━━ Recorded information

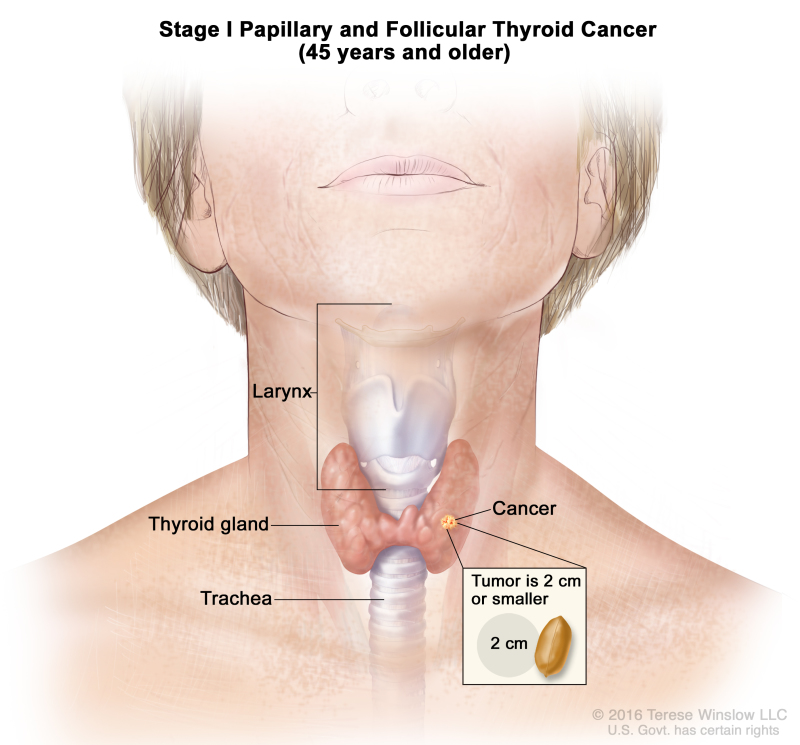 Stage I papillary and follicular thyroid cancer in patients 45 years and older; drawing shows cancer in the thyroid gland. The tumor is 2 centimeters or smaller. Also shown are the larynx and trachea.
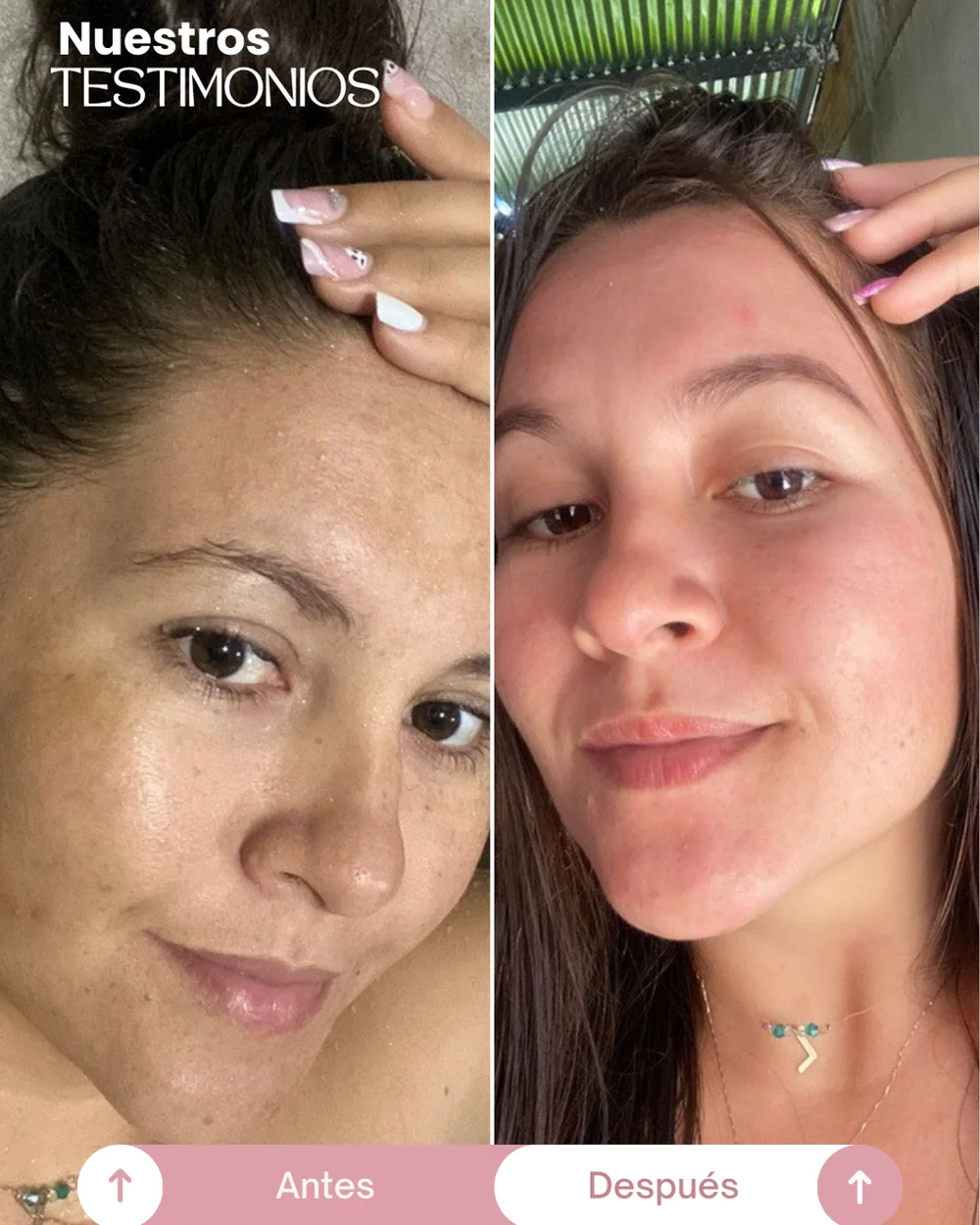 testimonios del tonico despigmentante princess skin (3)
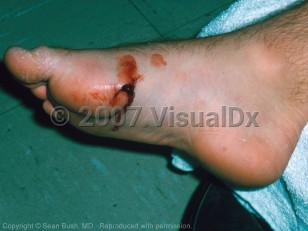 Clinical image of Stingray spine puncture - imageId=3379682. Click to open in gallery.  caption: 'A hemorrhagic and bleeding puncture wound on the foot (stingray spine puncture).'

━━━━

## Task item
Without altering anything, output all the lines above but none of the images.

## Solved problem
 Stage I papillary and follicular thyroid cancer in patients 45 years and older; drawing shows cancer in the thyroid gland. The tumor is 2 centimeters or smaller. Also shown are the larynx and trachea.
 testimonios del tonico despigmentante princess skin (3)
 Clinical image of Stingray spine puncture - imageId=3379682. Click to open in gallery.  caption: 'A hemorrhagic and bleeding puncture wound on the foot (stingray spine puncture).'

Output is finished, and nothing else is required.